Oramai la carta di credito è diventata compagna fondamentale nelle nostre avventure di shopping, in un momento storico in cui gli acquisti devono tenere il passo con la velocità dell’aggiornamento delle nostre esigenze e dei nostri tempi: ma è importante informarsi sui prodotti American Express e degli altri operatori per capire quali sono i più vantaggiosi e più adatti a rispondere alle nostre esigenze di sicurezza e velocità nelle transazioni. A venirci incontro sono anche i portali di confronto online che permettono ai consumatori di comparare i diversi prodotti tenendo conto dei  volumi ed esigenze di spesa di ogni individuo: in questo modo, si possono annullare le eventuali sgradite sorprese.

 

E se si vuole avere la comodità e la sicurezza di fare un pagamento con una semplice carta, senza dover aprire un portafoglio pieno di monete e banconote, dobbiamo anche fare bene attenzione alla nostra privacy, perché qualcuno ci può osservare mentre digitiamo il codice pin della nostra carta oppure su scala più larga sono delle agenzie stesse a tenere sotto controllo le nostre spese. E’ quanto succede al Consumer Financial Protection Bureau in America, dove ogni giorno vengono tenute sotto controllo milioni di transazioni.

Perché quando si tratta di carte di credito è bene metterci al riparo da altre tipologie di rischio, legate alla dispersione dei nostri dati quando effettuiamo acquisti non solo in Italia ma anche all’estero.
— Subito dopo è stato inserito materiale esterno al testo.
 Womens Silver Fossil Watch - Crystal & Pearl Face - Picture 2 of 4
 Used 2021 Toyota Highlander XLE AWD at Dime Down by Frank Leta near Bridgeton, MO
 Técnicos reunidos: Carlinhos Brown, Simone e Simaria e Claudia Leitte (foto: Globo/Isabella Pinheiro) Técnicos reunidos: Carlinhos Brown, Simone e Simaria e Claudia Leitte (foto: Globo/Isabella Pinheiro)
Sono sempre di più gli episodi registrati di “spionaggio” nei confronti dei dati che le nostre carte di credito contengono. Negli USA questa pratica sembra essere all’ordine del giorno, con 991 milioni carte di credito sotto controllo da parte del Consumer Financial Protection Bureau: per ora si tratta di dati di abitanti americani, ma la preoccupazione per questa “curiosità” è tanta non solo in USA ma anche tra i cittadini stranieri che acquistano in America.

Per questo motivo, l’House Financial Services Committee, in risposta alla mobilitazione estrema delle associazioni per il rispetto della privacy dei consumatori, ha interpellato Richard Cordray del Consumer Financial Protection Bureau sulla questione: va bene anche controllare i movimenti e i dati, ma le informazioni ricavate restano private al 100% o vengono diffuse all’esterno? E a chi?
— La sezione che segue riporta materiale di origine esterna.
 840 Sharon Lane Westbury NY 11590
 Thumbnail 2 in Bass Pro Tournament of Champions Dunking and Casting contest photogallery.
La risposta non sembra essere delle più confortanti: le informazioni vengono ovviamente diffuse ma Cordray cerca di tranquillizzarci, sostenendo che in ogni caso non si tratta di una violazione della privacy. Tra l’altro, pare sia anche la National Security Agency a spiare i dati che le carte di credito inevitabilmente diffondono al momento della “strisciata”.

Secondo Steven Antonakes, il vice direttore del Consumer Financial Protection Bureau, pare siano ben 18 le banche sotto il controllo degli Stati Uniti: moltiplicate per il numero di utenti, ecco che abbiamo quantità infinitesimali di dati privati nelle mani degli uffici americani.
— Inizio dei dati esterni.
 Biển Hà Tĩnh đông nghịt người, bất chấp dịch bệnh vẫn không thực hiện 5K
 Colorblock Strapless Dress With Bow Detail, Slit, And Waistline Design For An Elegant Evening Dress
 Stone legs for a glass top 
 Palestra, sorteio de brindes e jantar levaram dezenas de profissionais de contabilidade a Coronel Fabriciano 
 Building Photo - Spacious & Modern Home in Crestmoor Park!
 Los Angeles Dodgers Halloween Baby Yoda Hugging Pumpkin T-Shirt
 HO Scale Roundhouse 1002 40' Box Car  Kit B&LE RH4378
Si tratta di informazioni relative al bilancio, al codice postale, passando per le spese che facciamo e per il limite di credito che possediamo, fino al dato più pericoloso di tutti, il codice di accesso della nostra carta di credito: l’unica porta che protegge i nostri soldi.

La domanda più naturale da farsi a questo punto è: cosa ci fanno con i dati che raccolgono?

Incrociando oltre 96 tipi di dati dalle carte di credito, sembrerebbe che a beneficiare delle informazioni siano le aziende internazionali, che per proporre offerte e prodotti in linea con le esigenze dei consumatori e le loro abitudini devono per forza raccogliere dati in merito.

Tuttavia, le associazioni dei consumatori rendono noto che per far questo basterebbe estrarre campioni casuali e non di certo spiare quelle famose 991 milioni di carte di credito che invece costituiscono l’oggetto del controllo degli Stati Uniti.